Dos son hoy las formas de negar la historia: el tradicionalismo y el refundacionalismo. El tradicionalismo degrada tradición. El refundacionalismo, unas veces la abomina, pero otras no. El país, en el momento agita que vive, depende por entero del ejercicio de su tradición.
El tradicionalismo es antónimo de la tradición. Si la tradición consiste en invocar el pasado como un acervo de experiencias exitosas y fracasadas, el tradicionalismo pretende aplicar en el presente antiguos logros, queriendo hacerlos valer para todos los tiempos y lugares. El tradicionalismo incoa una negación de los ensayos con que los seres humanos han salido adelante para superar las adversidades de la vida. Es serio. No está para juegos ni experimentos. Demoniza la creatividad. Mistifica la repetición, el rito tal cual, enfrenta al futuro como un enemigo y ama un instante histórico, pero no el arrojo del ser humano. Pues niega que esas costumbres que idolatra tuvieron un pasado, que hubo un tiempo que las antecedió y que pudieron ser consideradas mejores porque las hubo peores y se hacía necesario superarlas.
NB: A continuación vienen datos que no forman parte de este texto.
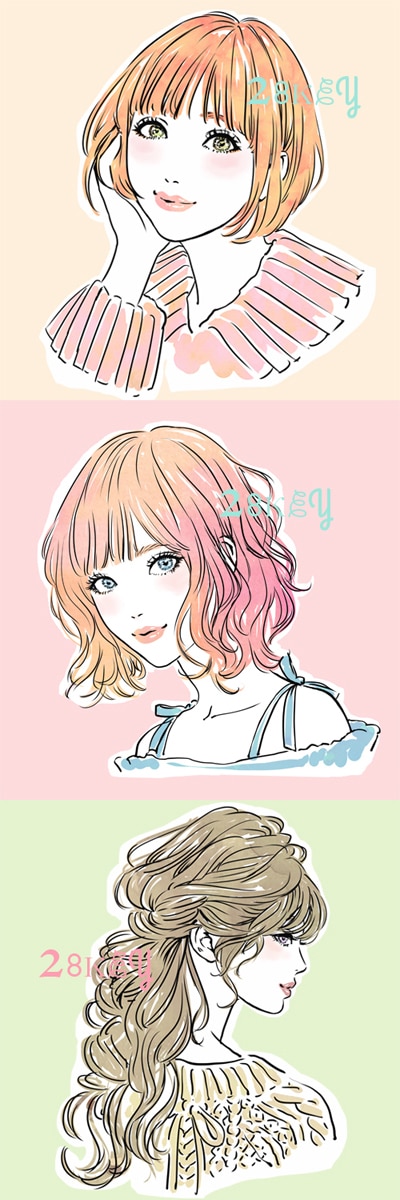 キュート系イラスト、似顔絵、SNSアイコン描きます 似顔絵でも、キャラクターでもOKです! イメージ5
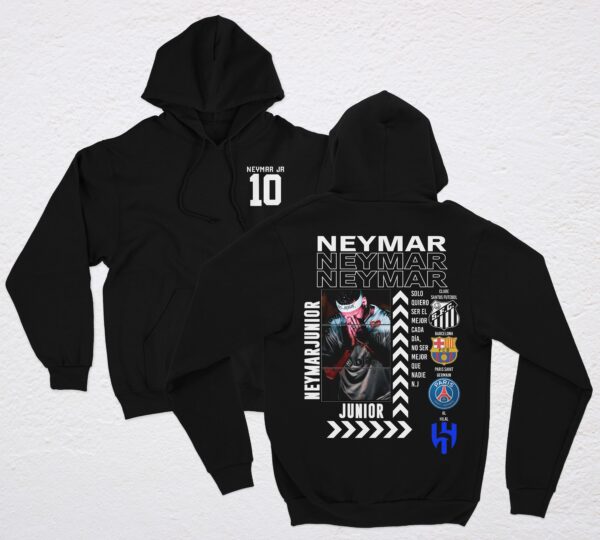 polera neymar jr negro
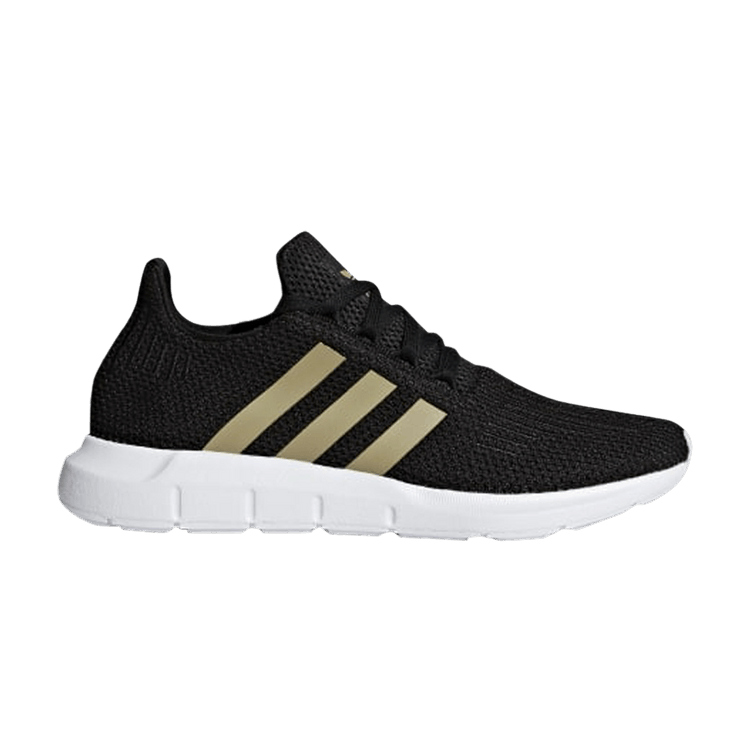 Adidas Wmns Swift Run 'Black Tech Silver' — Core Black/Tech Silver/Cloud White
El refundacionalismo, en cambio, tiene dos versiones, una desprecia la historia sin más y otra la aprovecha. Una es reformista, la de Elisa Loncón, y otra revolucionaria, la de la Resistencia mapuche lafquenche. Cuando Loncón en su discurso de instalación de la Convención habló de refundación precisó que su intención era hacer de Chile un país plurinacional. Los grupos mapuche radicales, en cambio, recurren a la violencia para expulsar del Wallmapu a los huincas. Ambos refundacionalismos rechazan los relatos que negaron a un pueblo, que lo despojaron de su honra y de sus tierras. El primero es reformista porque pretende cambiar los fundamentos de la sociedad, aprovechando algunas de las piedras en que se basa y agregando otras nuevas. El revolucionario, en cambio, como pariente del tradicionalismo, busca volver a una situación histórica anterior sin medias tintas.
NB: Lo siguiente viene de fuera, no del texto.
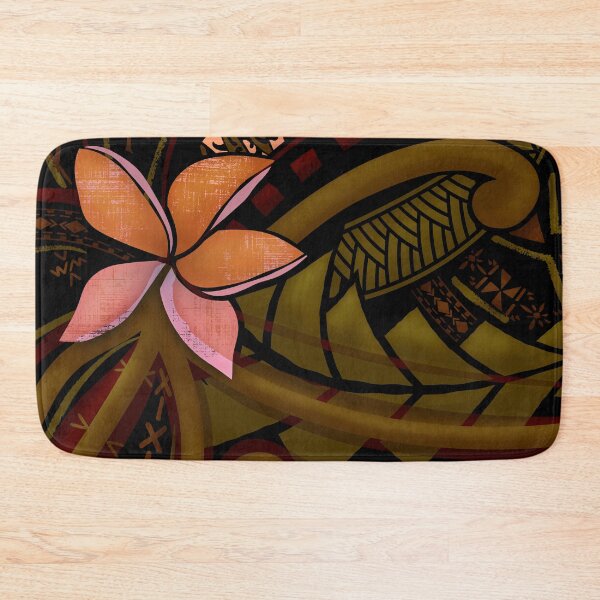 Item preview, Samoan Malu Tropical Floral Art 2083 designed and sold by sunnthreads.
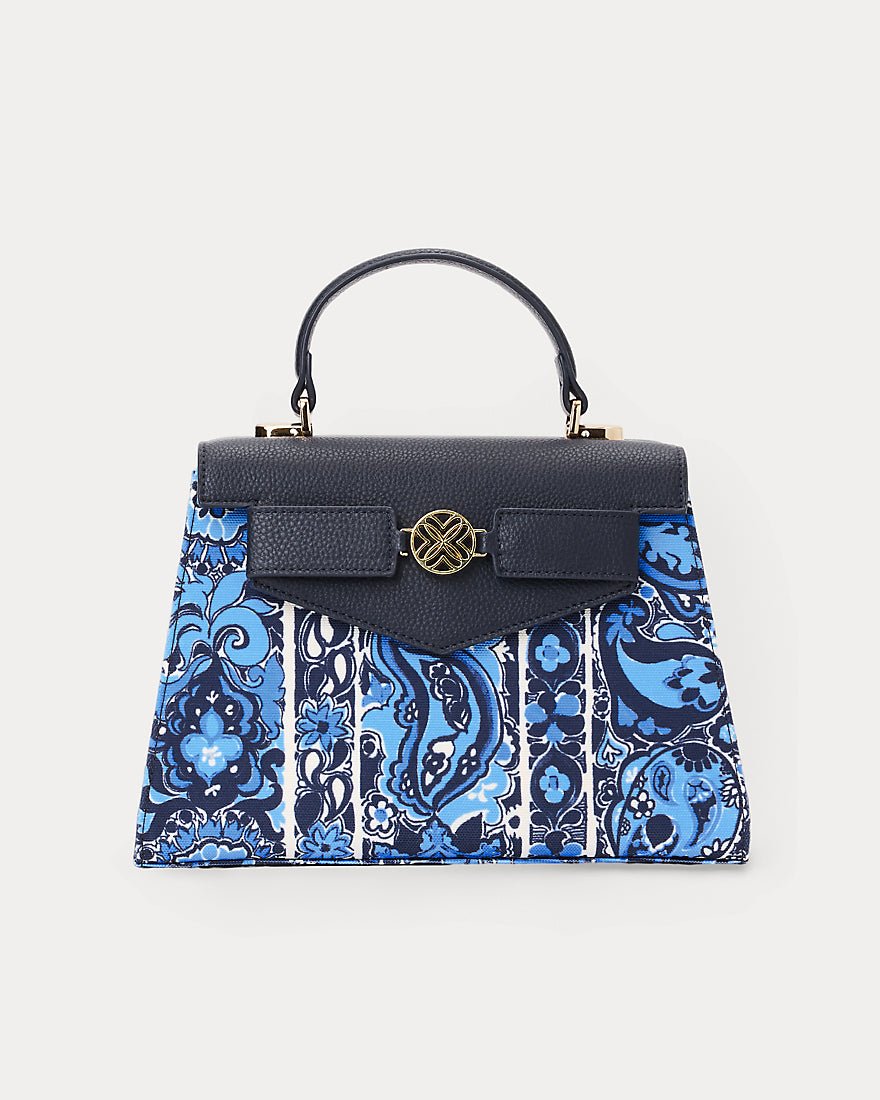 Lilly Pulitzer - Irvine Top Handle Bag - Low Tide Navy The Casbah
La situación en Chile es más o menos esta. Estamos en un momento extraordinariamente importante. Peligroso, pero también apasionante.
La gesta de la redacción de una nueva constitución es del tipo reformista. Es comprensible que haya gente que se asuste con la palabra refundación. Le da miedo que se piense comenzar todo de nuevo. Aún se puede ver el video de aquel discurso de Loncón. Todos aplaudían, menos los que probablemente han preferido seguir con la constitución del ochenta. ¿Se justifica este miedo? Parece que no, aunque en algunas materias puede que sí. Nuestros representantes tienen la magna tarea de hacer historia en vez de negarla. Ellos/ellas han de abrir un futuro en base a un pasado que no se puede despreciar del todo, atendiendo las demandas de verdad y justicia. Una casa, diría Jesús, no se puede edificar sobre arenas. Ayudará al éxito de la empresa saber que el texto del plebiscito de salida, como el de las anteriores constituciones, ha de ser provisorio. Siempre será posible enmendarlo.
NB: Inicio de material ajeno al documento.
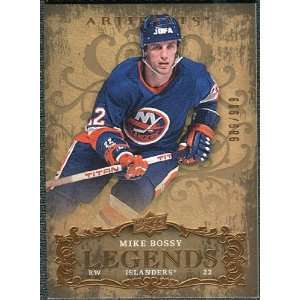   09 Upper Deck Artifacts #116 Mike Bossy LEG /999: Sports Collectibles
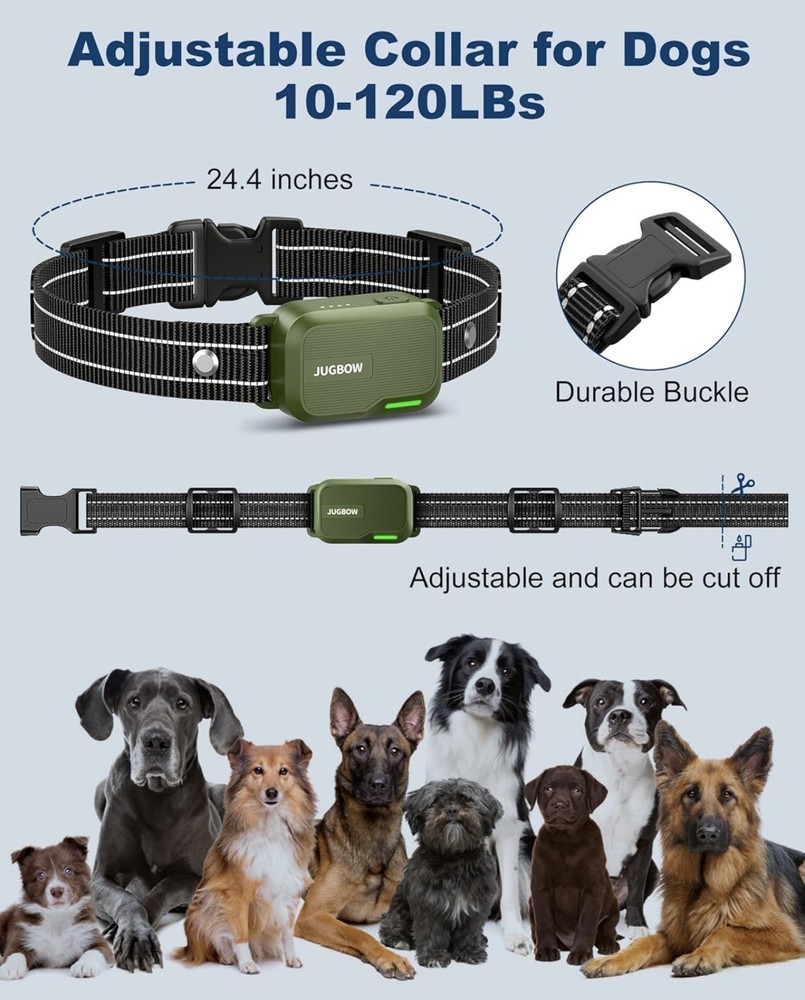 Dog Shock Collar 3300ft Training Collar With Remote 4 Training Mode Rechargeable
En otras palabras, estamos en la hora de la tradición. Bajo el respecto político, la tradición honra la historicidad del ser humano. Ella no consiste, como hace el conservadurismo, en despreciar el cambio institucional en nombre de un pasado de museos. El tradicionalismo conservador, en nombre de la historia, traiciona la historia. La tradición, en cambio, conjuga los tiempos en el tiempo. Trata de la entrega de las instituciones y costumbres, de la experiencia acumulada de humanidad, del bagaje de éxitos y fracasos, de ciencia y de ignorancia, que hacen unas personas a otras con el anhelo de que estas tomen lo que les sirva. Lo que convenga, sí. Lo que no, no.
La tradición es arte de libertad. Ella espera que alguien la haga suya a modo suo. Bajo el respecto generacional, en su virtud las chilenas/os mayores han de renunciar a ser indispensables. Sus hijos/as no pueden convertirse en fotocopias de sus vidas. A su vez, libremente estos deben rechazar imposiciones y obligarse a sí mismos a recrear, a reinventar, a resetear el mundo como si de ellos dependiera su viabilidad. Para ser protagonistas (“primer” y “luchador”) de la vida, para hacer que el país llegue a ser sí mismo y evite repetirse, la práctica de su tradición es el camino.